Probably, the main difference with data virtualization is that DV adds the agility to react to changes. Adding a new data source becomes a breeze, and in a matter of minutes, one can start using that new data right away.
Data transformation occurs instantly, too, because all that is needed is a new rule applied to data. And a data virtualization solution can immediately detect modifications of structure in the sources, so, for example, adding a new data column has an immediate effect.
Moving data to the cloud creates specific security and privacy challenges. However, DV supports recreating an on-premises authentication model in the cloud. And DV solutions can integrate with the existing authentication system (e.g. LDAP/AD). Cloud sources can use the exact security mechanism and access controls as on-premises sources that support role-based access control to the different tables, views, rows, and columns.
Data virtualization serves data in the format organizations need. They need it to be complete, reliable, structured, and real-time. Data virtualization integrates disparate data sources in real-time or near-real-time and presents data for viewing in a structured form or publishes it to apps and devices.
The best part? Implementing a virtualized data lake does not require the costly replacement of physical hardware. But an organization can either deploy it in the cloud or on-premises. Many organizations are.
In 2018, Gartner predicted that 60% of organizations will have deployed a data virtualization solution by 2020. In line with that, Varada 2021 The State of Data Virtualization report showed 60% of data experts surveyed prefer data virtualization as an alternative to a data warehouse and projected that by 2021 50+% will have virtualization deployments.

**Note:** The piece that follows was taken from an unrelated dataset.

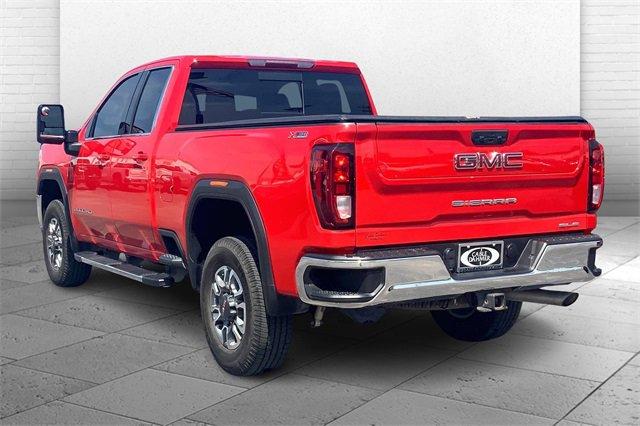 2022 GMC Sierra 2500 HD Vehicle Photo in INDEPENDENCE, MO 64055-1377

If that wasn’t enough, it’s been shown in many use cases data lake coupled with virtualization can shorten development cycles, reduce operational costs, increase the ROI, and more compared to a traditional physical lake.
Not adopting data virtualization may result in a loss of competitive advantage for organizations that want to capitalize on data. Without data virtualization, organizations risk knowing less about their customers, missing real-time business insights, and spending more money and time to address data challenges.